Segment Start: Given data

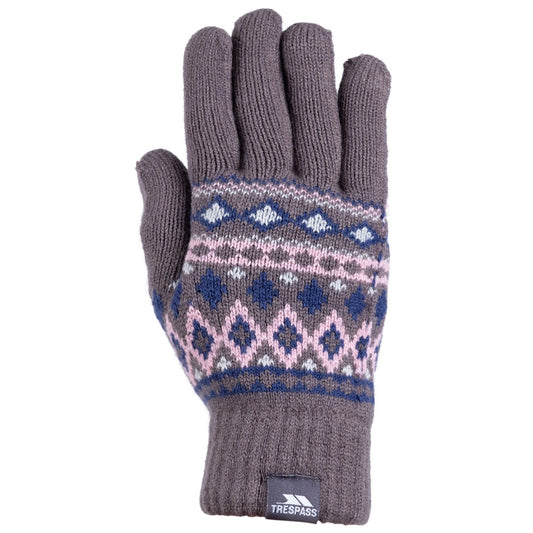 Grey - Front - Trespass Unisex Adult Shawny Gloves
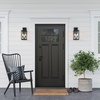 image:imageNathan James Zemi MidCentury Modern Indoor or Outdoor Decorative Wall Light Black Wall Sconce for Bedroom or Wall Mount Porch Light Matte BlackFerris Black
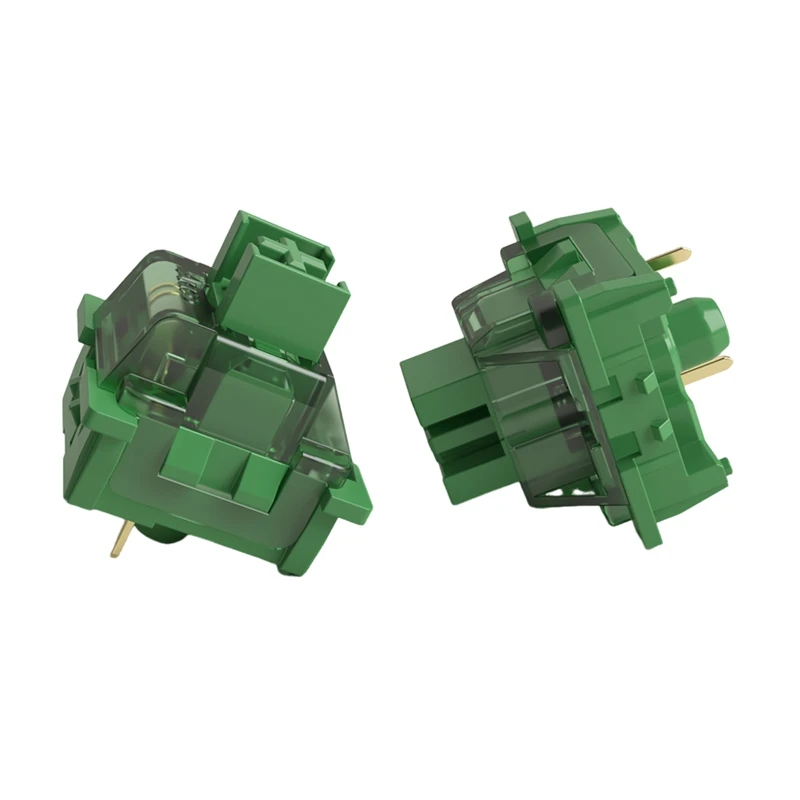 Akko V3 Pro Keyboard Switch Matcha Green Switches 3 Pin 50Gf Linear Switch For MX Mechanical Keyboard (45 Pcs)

Segment End: Given data

Each line of the material above should be set down exactly, with no pictures.

• [Solution to this problem]
 Grey - Front - Trespass Unisex Adult Shawny Gloves
 image:imageNathan James Zemi MidCentury Modern Indoor or Outdoor Decorative Wall Light Black Wall Sconce for Bedroom or Wall Mount Porch Light Matte BlackFerris Black
 Akko V3 Pro Keyboard Switch Matcha Green Switches 3 Pin 50Gf Linear Switch For MX Mechanical Keyboard (45 Pcs)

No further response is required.